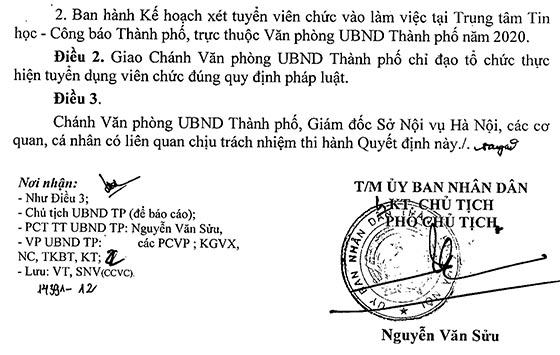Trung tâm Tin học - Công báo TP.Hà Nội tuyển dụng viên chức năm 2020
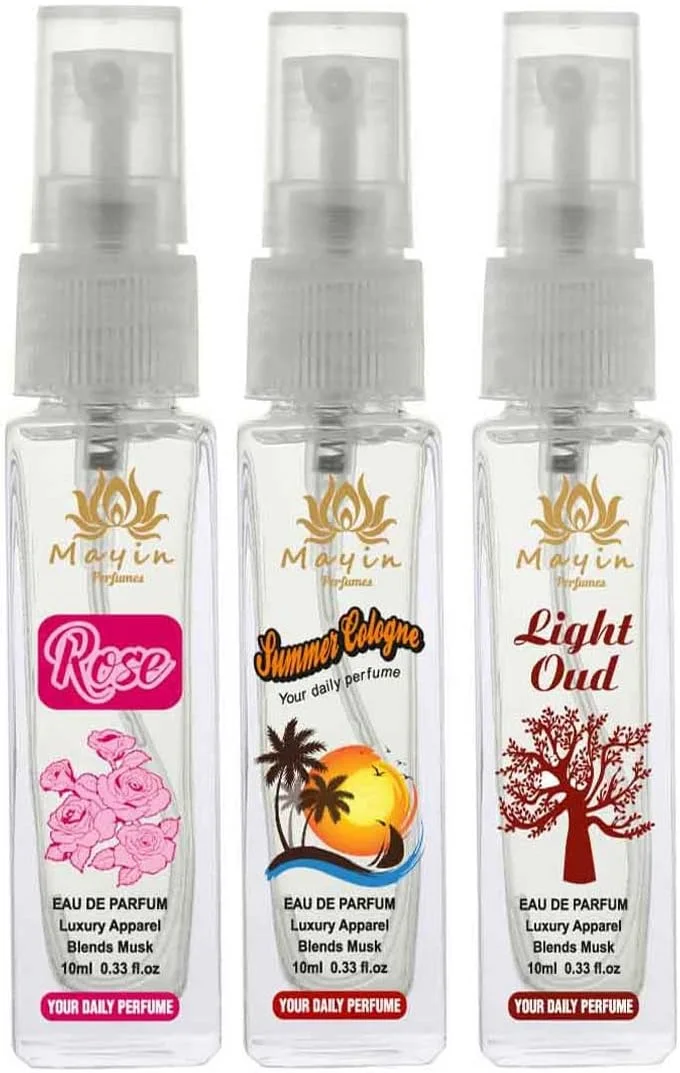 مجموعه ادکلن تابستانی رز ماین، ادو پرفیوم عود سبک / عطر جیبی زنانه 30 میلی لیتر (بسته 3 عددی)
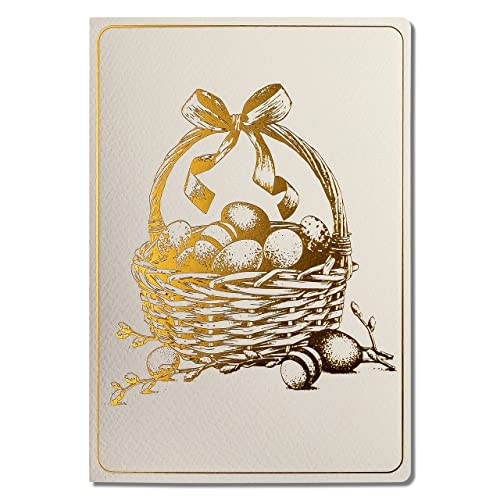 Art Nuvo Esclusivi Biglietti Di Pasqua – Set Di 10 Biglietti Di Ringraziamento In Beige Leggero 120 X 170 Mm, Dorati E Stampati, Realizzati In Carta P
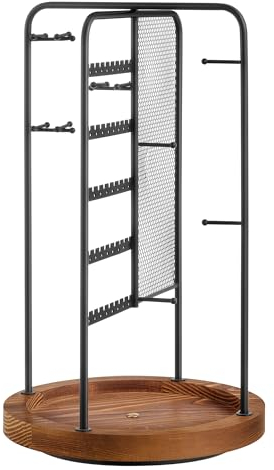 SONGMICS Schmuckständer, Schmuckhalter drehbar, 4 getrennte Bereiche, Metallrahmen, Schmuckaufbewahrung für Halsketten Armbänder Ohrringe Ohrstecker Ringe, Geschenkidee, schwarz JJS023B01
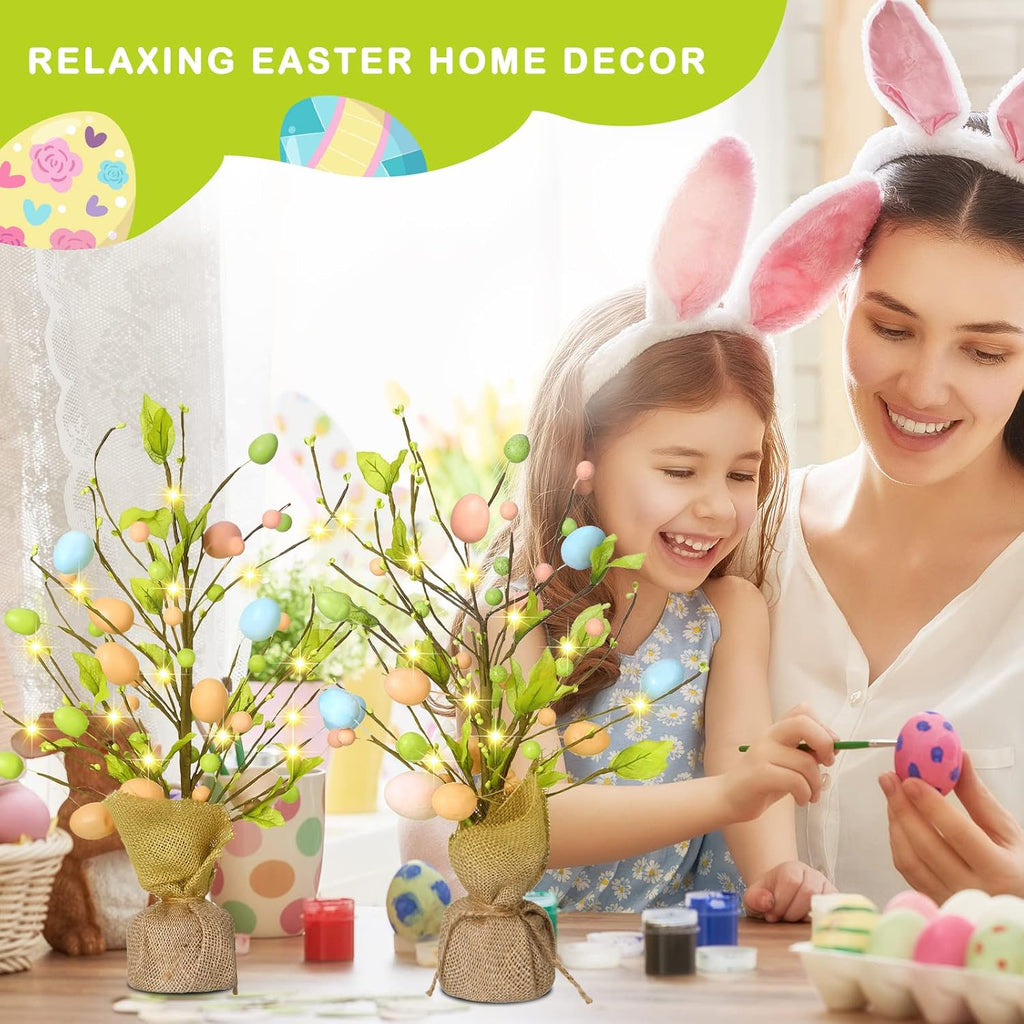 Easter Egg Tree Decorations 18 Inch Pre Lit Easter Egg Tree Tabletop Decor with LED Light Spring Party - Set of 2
...
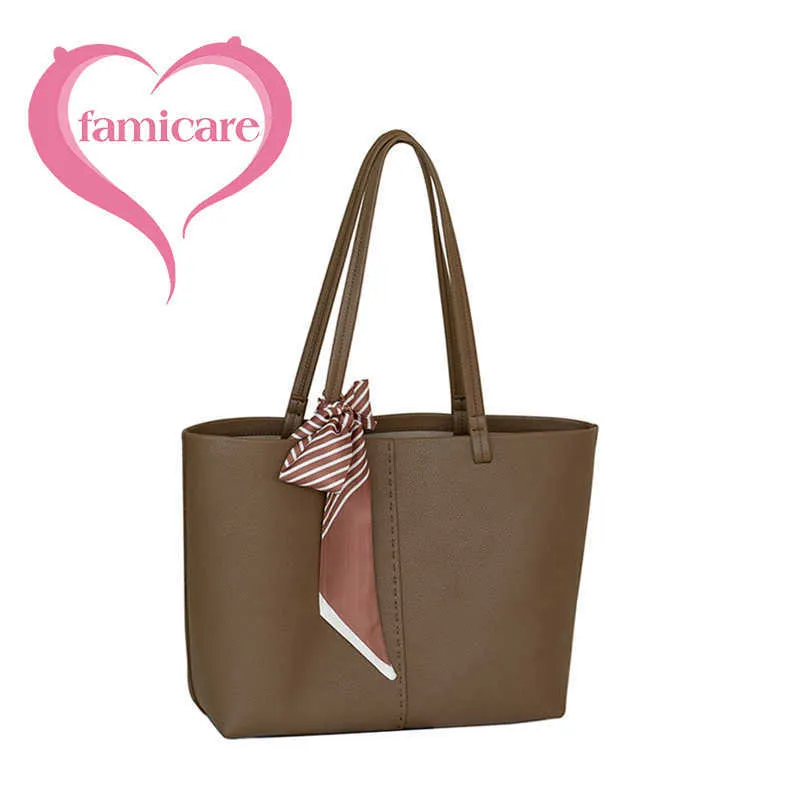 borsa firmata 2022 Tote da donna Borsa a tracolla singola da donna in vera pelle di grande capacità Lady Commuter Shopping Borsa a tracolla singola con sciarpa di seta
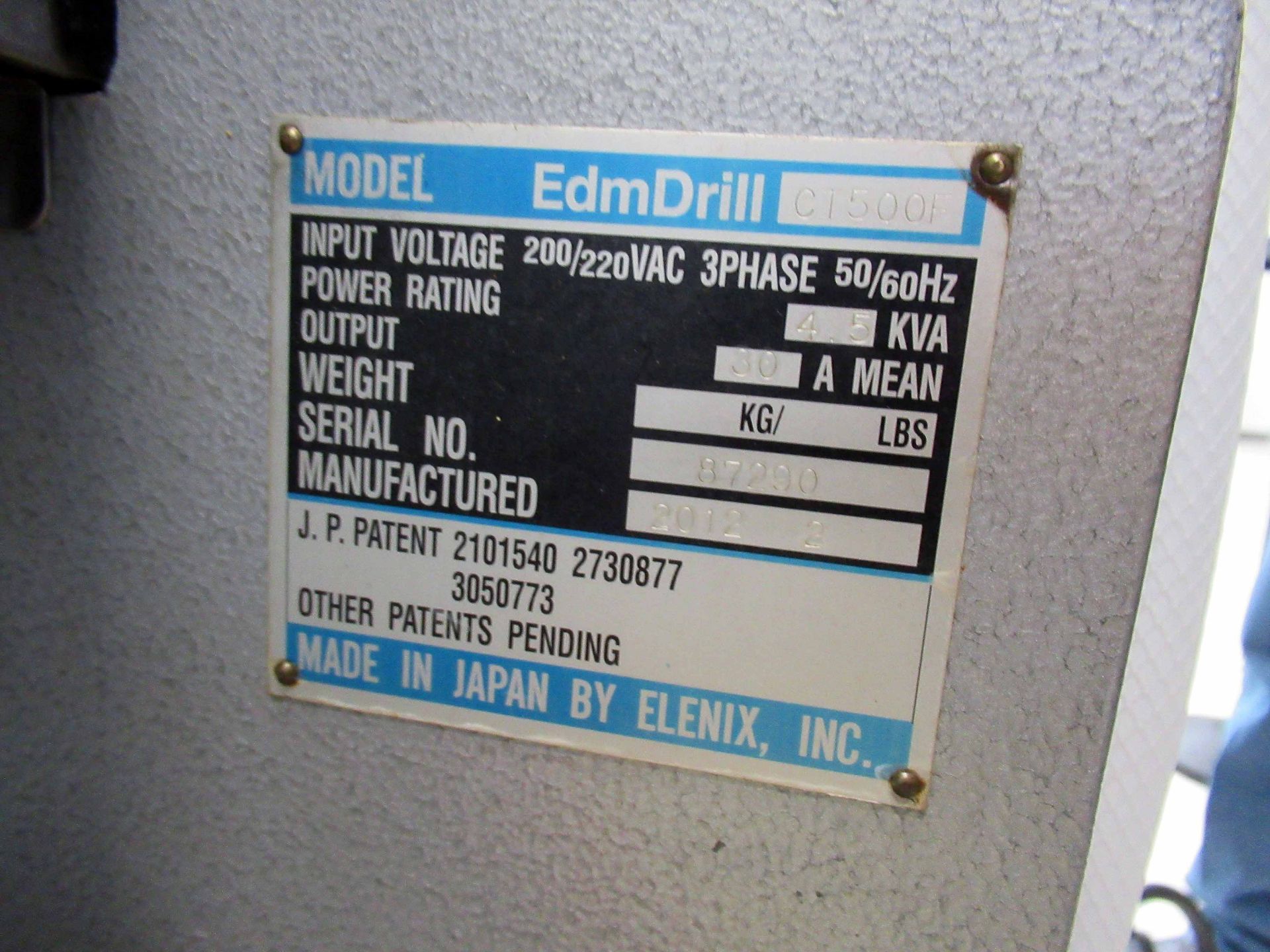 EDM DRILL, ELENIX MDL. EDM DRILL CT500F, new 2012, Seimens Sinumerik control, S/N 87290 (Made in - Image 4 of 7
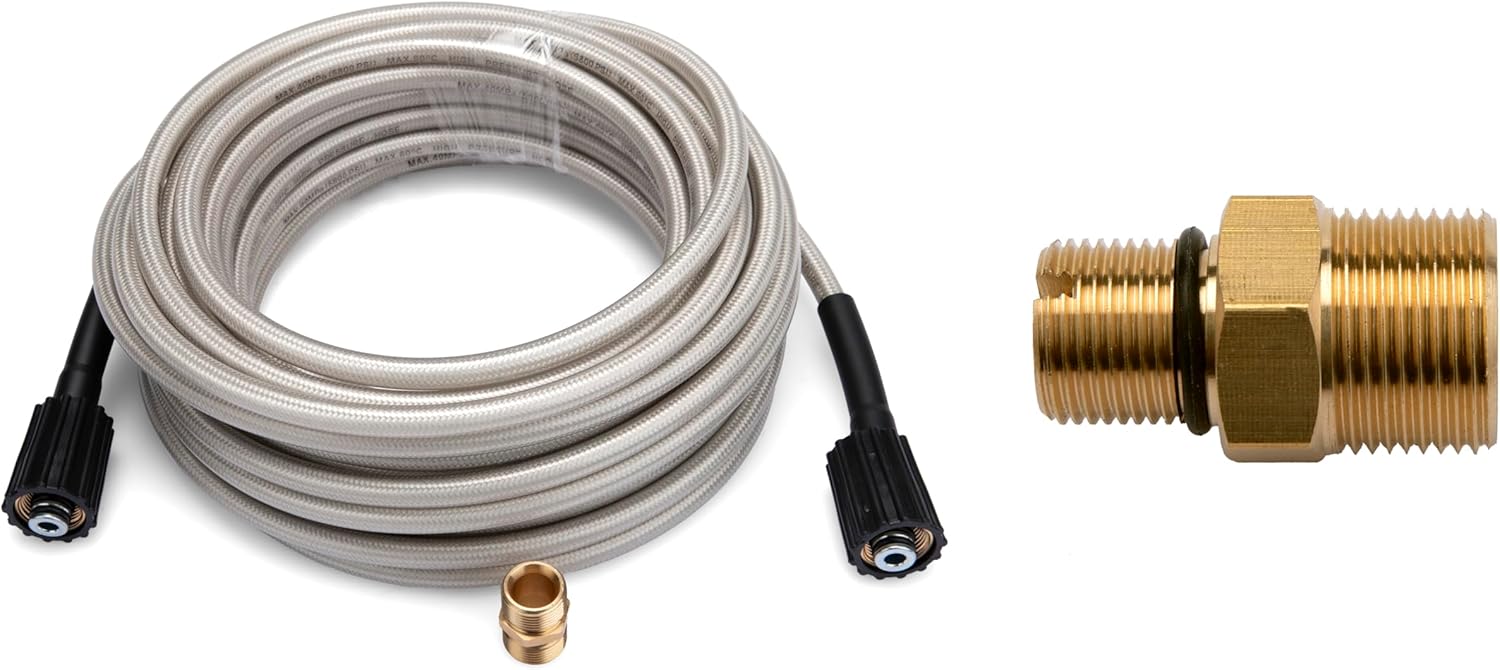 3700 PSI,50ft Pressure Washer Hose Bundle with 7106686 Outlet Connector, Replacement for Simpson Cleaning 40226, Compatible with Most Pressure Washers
...
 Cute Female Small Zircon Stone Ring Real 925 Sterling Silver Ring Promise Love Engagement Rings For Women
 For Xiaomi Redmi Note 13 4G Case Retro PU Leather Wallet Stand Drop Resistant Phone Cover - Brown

__TASK INSTRUCTIONS__
Find the line with "SONGMICS Schmuckständer, Schmuckhalter" in the entries above. Set down exactly every line from it up to and including the line with "Easter Egg Tree Decorations", images excluded.

__TASK ANSWER__
 SONGMICS Schmuckständer, Schmuckhalter drehbar, 4 getrennte Bereiche, Metallrahmen, Schmuckaufbewahrung für Halsketten Armbänder Ohrringe Ohrstecker Ringe, Geschenkidee, schwarz JJS023B01
 Easter Egg Tree Decorations 18 Inch Pre Lit Easter Egg Tree Tabletop Decor with LED Light Spring Party - Set of 2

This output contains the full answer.